The final and most important technical advantage of the bike that will win the Supercross championship will be the color of it. No actually it won’t necessarily be the color, rather the stickers and the way they are arranged. Let me rephrase, it will be how the bike looks right before the rider gets on it. Or maybe it will be something someone told him about his bike that they read on the internet last night from a guy who heard someone say something in the pits last week. Because that could determine how the rider feels about his bike. The machine that will carry him on his quest. It goes back to all the testing and training, the changes of what worked and what didn’t and the countless decisions that rider and that team made to get them to the pivotal moment on the track. The moment after the bike does the first funny thing it never did in testing. At that very second the rider will instantly make a decision to keep it pinned or back off and that will either build or break confidence. And we all know that these riders are as mentally invested in their job and sport as any athletes, delicate in the very same way. These machines can and will break bodies or kill you if something goes wrong. The riders all know that every time they line up to race and it is factored in to the way they think. They operate with the confidence in their machines pushing it right up to that line, past it sometimes. Whether it is the bike or the brain of the rider that fails in those pivotal milliseconds that will determine the championship in 2012, only the rider will truly know.

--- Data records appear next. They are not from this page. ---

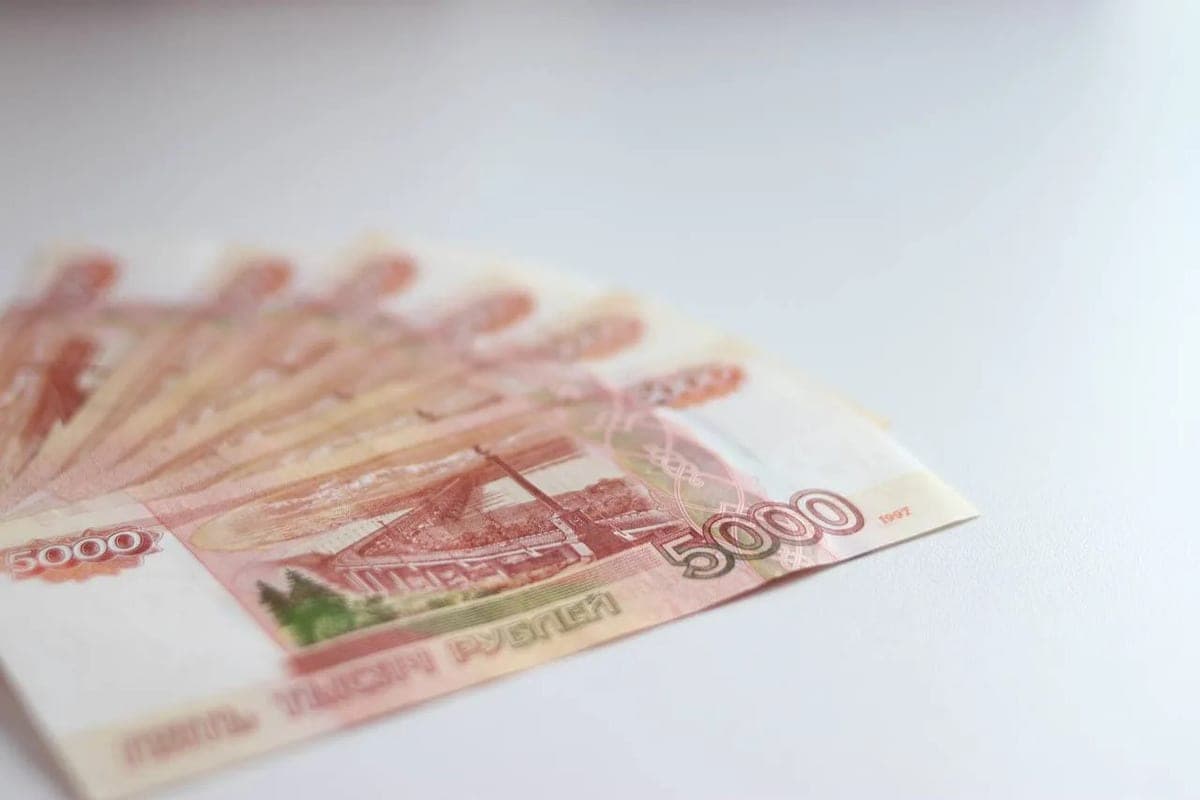 До 350 тысяч рублей могут получить жители Калининградской области на свой бизнес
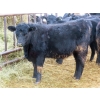 Image 14 : Martin DeVos - 860# March/April Delivery Heifers - 115 Head (Fork River, MB)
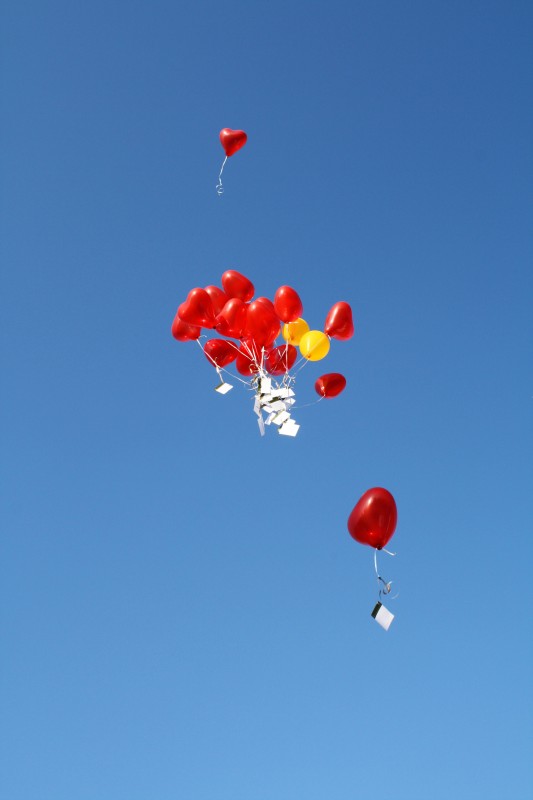 It’s Time to Select Your Spring Bible Study (And FREE gifts)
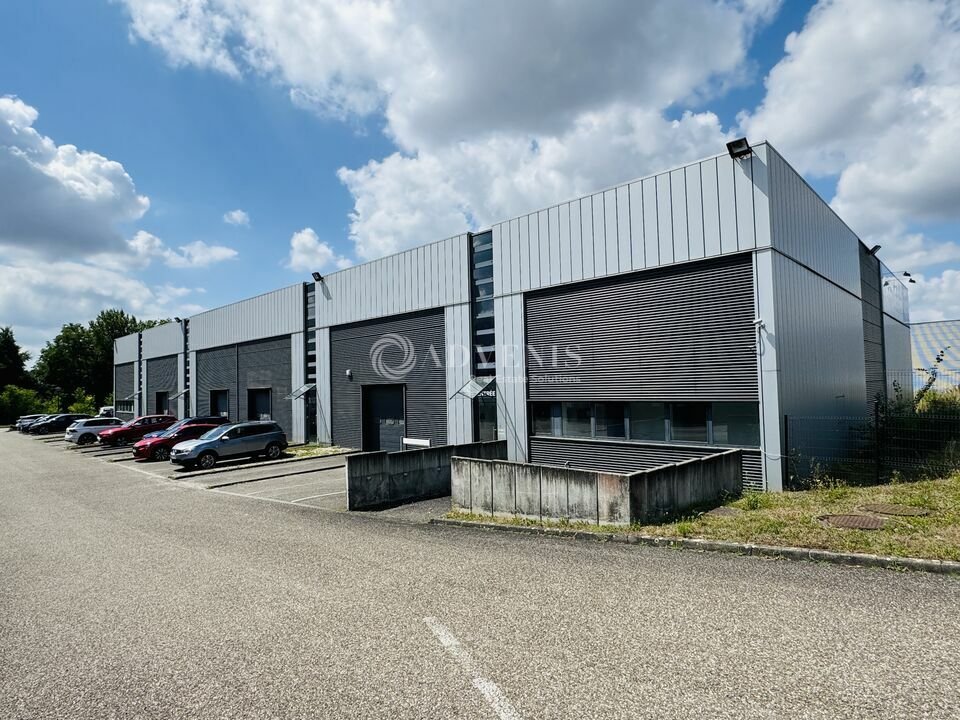 ADVENIS CONSEIL STRASBOURG LOCATION-LOCAL D'ACTIVITE-MUNDOLSHEIM-67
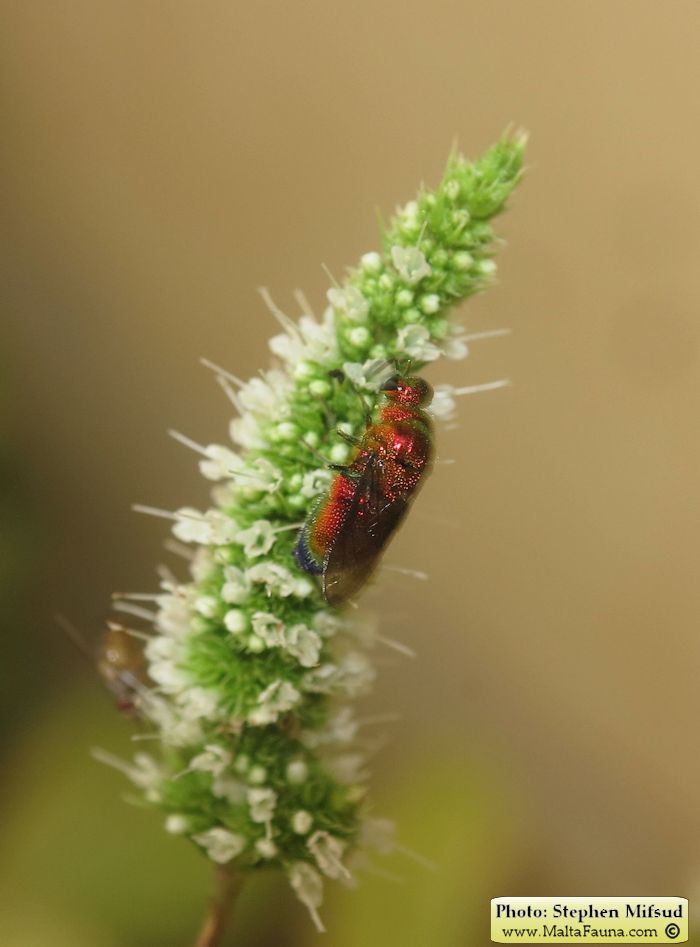 Stilbum cyanurum (Large cuckoo wasp). This page is part of www.MaltaWildPlants.com website by Stephen Mifsud, Malta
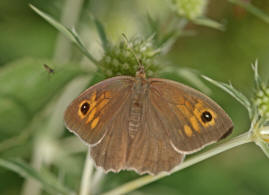 Maniola jurtina / Groes Ochsenauge / Edelfalter - Nymphalidae - Augenfalter - Satyridae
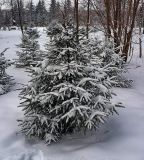 Picea abies. Молодое зимующее дерево. Чувашия, г. Шумерля, городской парк. 9 января 2009 г.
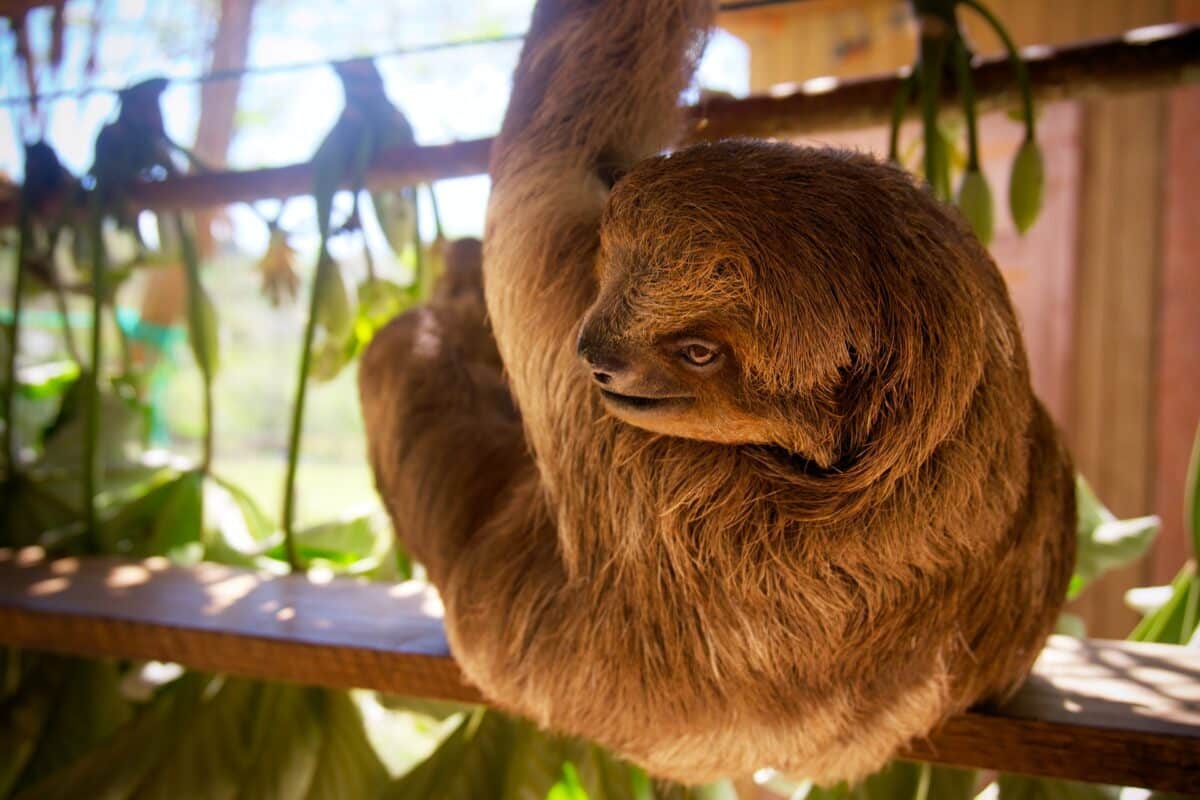 All You Need To Know About Monkey Sloth Hangout Roatan | Gallivanting Souls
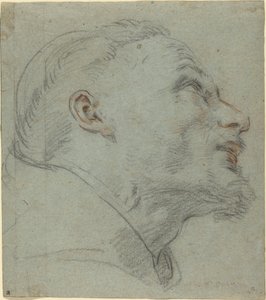 Kopf des Heiligen Franziskus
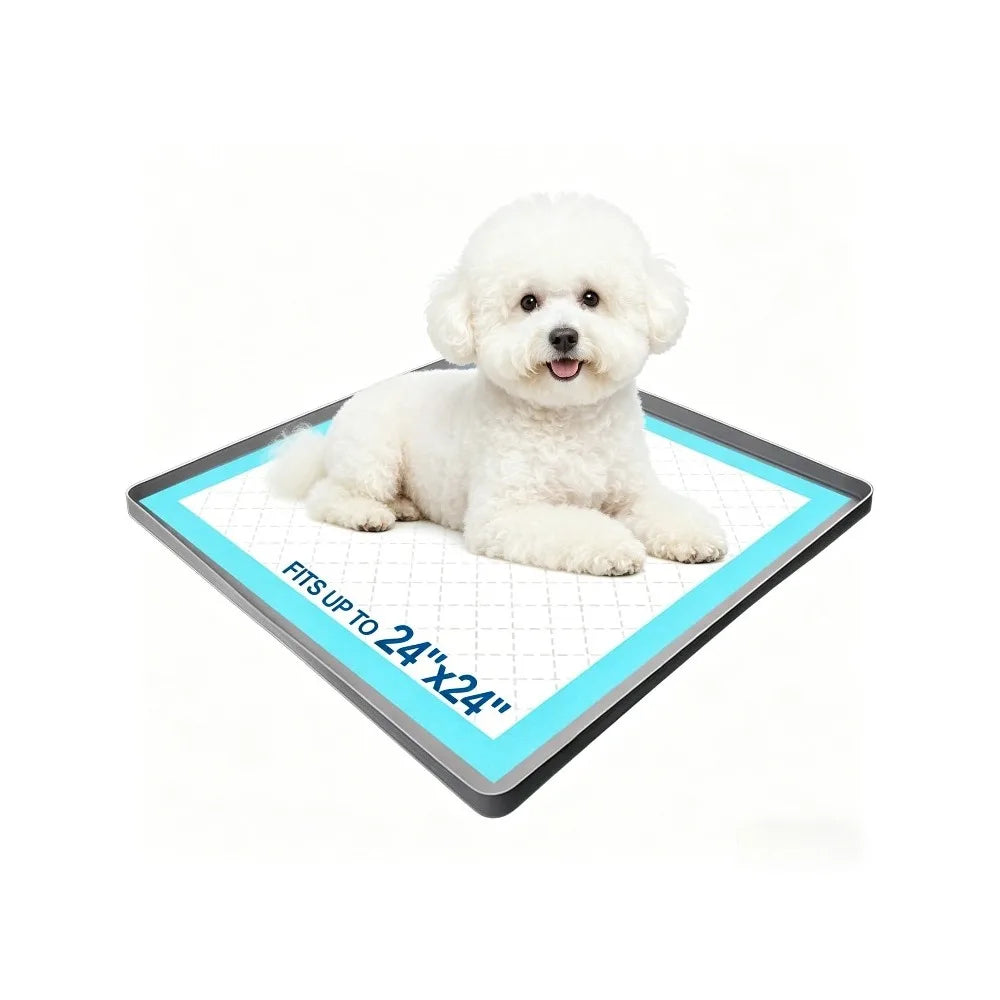 Ein flauschiger weißer Hund liegt auf einer blauen Silikonmatte zum Indoor-Training.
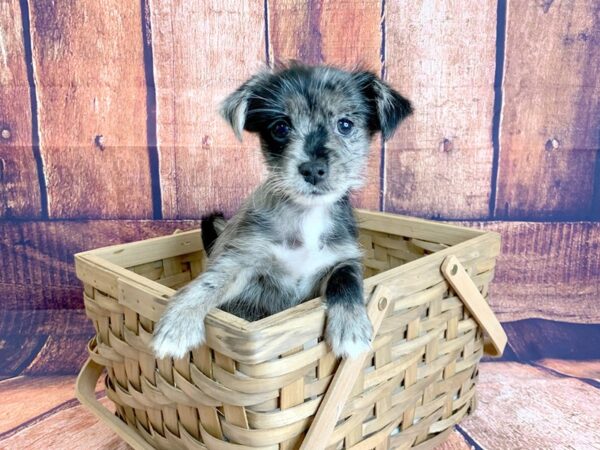 Pomeranian/Yorkshire Terrier DOG Female Blue Merle 1152 Petland Mason, Ohio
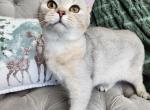 Shanty litter - British Shorthair Cat For Sale - Nicholasville, KY, US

So it is a lot about the bike because the bike is so important. At the level these top riders are at the machinery is on very even grounds when you compare the raw performance. No bike has a horsepower advantage, though one may put it to the ground better. No bike handles better than another, it is that one rider has a better setting that the other. And even when one team finds magic on one weekend or during one race, it all comes down to the hand on the throttle and the butt on the seat to make that bike go. If a top rider is not happy with his bike he better go ask the mirror what he did wrong to tune his bike this way, because at factory levels you should be able to have whatever you really want. And to make it go like hell you need to have confidence in the machine, every last part of it. It is all about the bike because 1% of bike issues and you completely destroy the 90% of rider it takes to operate that bike.